**Data shown:**
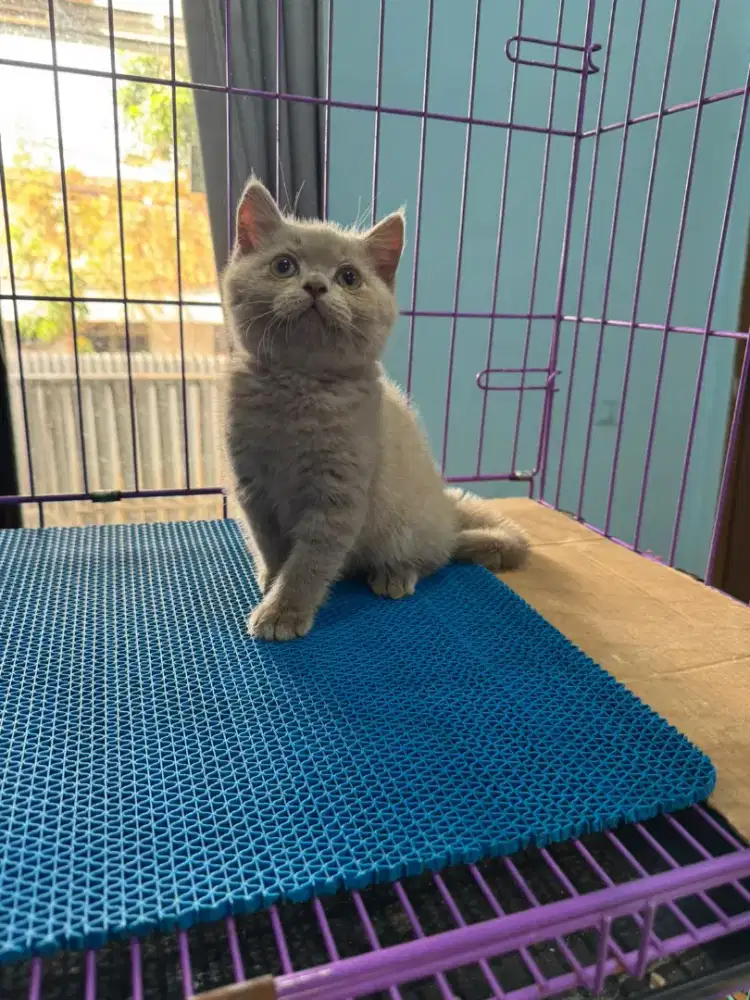 kitten british shorthair lilac betina line ped
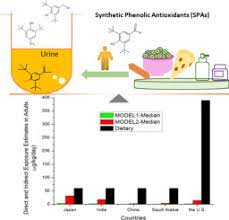 Quantitative Identification Of And Exposure To Synthetic Phenolic Antioxidants Including Butylated Hydroxytoluene In Urine Sciencedirect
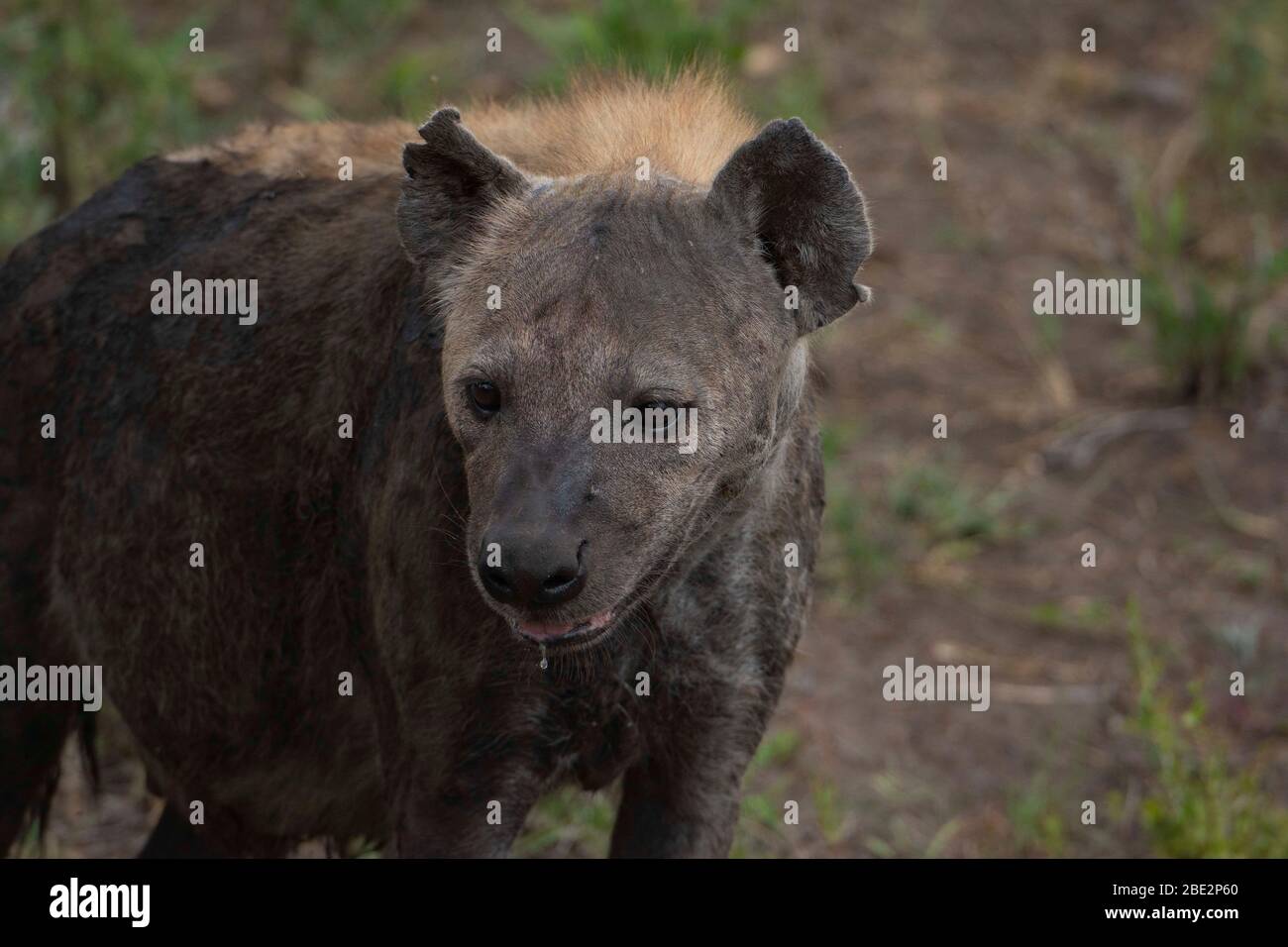 Erste Ebene Szene einer gepunkteten Hyäne. Stockfoto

**What the task requires:**
Repeat the lines above precisely and skip every picture.

**Your solution:**
 kitten british shorthair lilac betina line ped
 Quantitative Identification Of And Exposure To Synthetic Phenolic Antioxidants Including Butylated Hydroxytoluene In Urine Sciencedirect
 Erste Ebene Szene einer gepunkteten Hyäne. Stockfoto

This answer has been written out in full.